* [Your task]
Reproduce the entries shown below only from the line with "Фото: Old destroyed" down to the line with "trois livres en", keeping both end lines and copying each one exactly.

* [Information supplied]
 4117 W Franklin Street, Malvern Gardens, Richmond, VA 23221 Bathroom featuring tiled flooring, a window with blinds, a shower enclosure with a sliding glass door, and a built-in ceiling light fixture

--

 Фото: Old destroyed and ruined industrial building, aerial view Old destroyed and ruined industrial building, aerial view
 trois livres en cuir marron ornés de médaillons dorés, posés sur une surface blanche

* [Response]
 Фото: Old destroyed and ruined industrial building, aerial view Old destroyed and ruined industrial building, aerial view
 trois livres en cuir marron ornés de médaillons dorés, posés sur une surface blanche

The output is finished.